I reached down, removed the offending sticker, and opened the door. I knew was waiting for me on the other side.
The 2-Day FedEx envelope sat on the floor of our entryway. It leaned casually against the wall in a black beret, smoking a thin, brown cigarette... mocking me. I think I would have rather encountered an axe murderer on the other side of that door.
I considered it carefully. Would it bite? I picked it up by the edge.
Phew. What stinks in here?
The heavy envelope made an audible thud as it hit the kitchen counter. I considered putting a match to it, but thought better of it. What horrors would it hold? Could my heart stand it?
I took a deep breath (yeesh - what is that smell?) ripped the envelope like a giant band-aid. The quicker, the better.
Our 2007 taxes.
Suddenly, I could breathe again.
Our tax guy is worth every, freaking cent.
Good news: we got a return.
Eh news: we're handing it all over to Uncle Sam to cover the taxes I will eventually have to pay on my extra business income next year.

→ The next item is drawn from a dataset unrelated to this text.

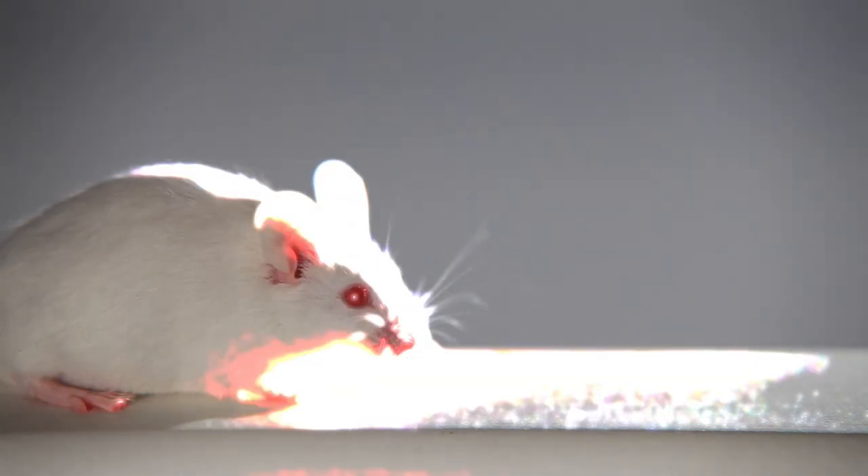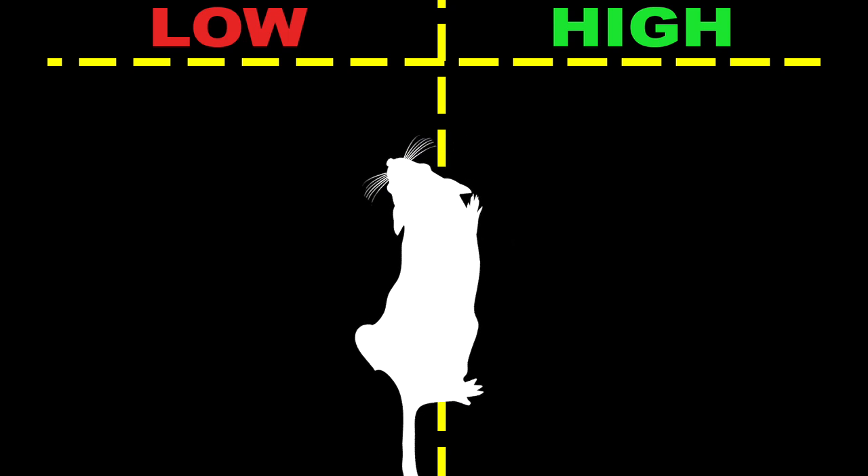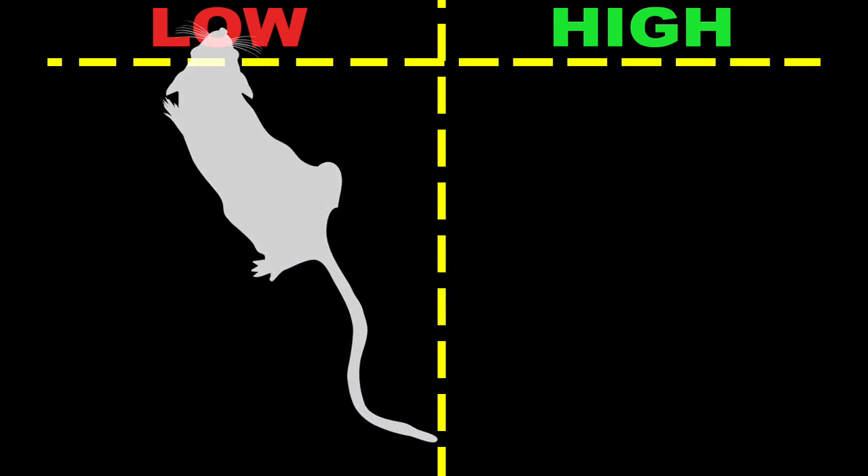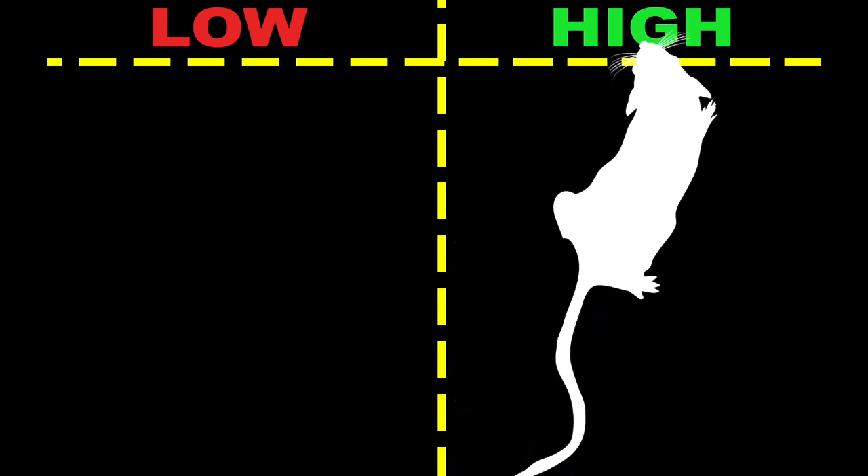The mice see a sequence of flashes and they have to make a judgment about whether they're high rate or low rate. If they're low rate they go to the left and poke in a little reward port on the left, and if it's high rate they go to the right and poke in a little reward port on the right.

Bad news: I tracked in dog shit on my shoe.
All we have to do are sign the forms, mail them on time, and pay the tax guy for his expertise.
My taxes in 2004 and 2005 were something that even Freddie Kruger couldn't have devised in his wildest ravings. I won't post the totals, but let's just say that April 2005 left me gasping for air to the tune of tens of thousands. I still blanche at the thought of it.
And the worst part, was that he was wrong.
For 2006, I got the tax guy of my dreams (let me know if you want a recommendation). He fixed the previous guy's mistakes to the tune of so much of a return, that it prepaid my quarterly taxes for almost half of the next year. Yowch.
It's funny. But even though I know what the end number of the tax return reads, I still involuntarily shrink from it. It's like being bitten by a big dog. He may look friendly now, but you never trust him again.
Yeah. Like I ever trusted the IRS before.
Tonight I toast my tax guy and look forward to next year's simpler... much simpler... tax return.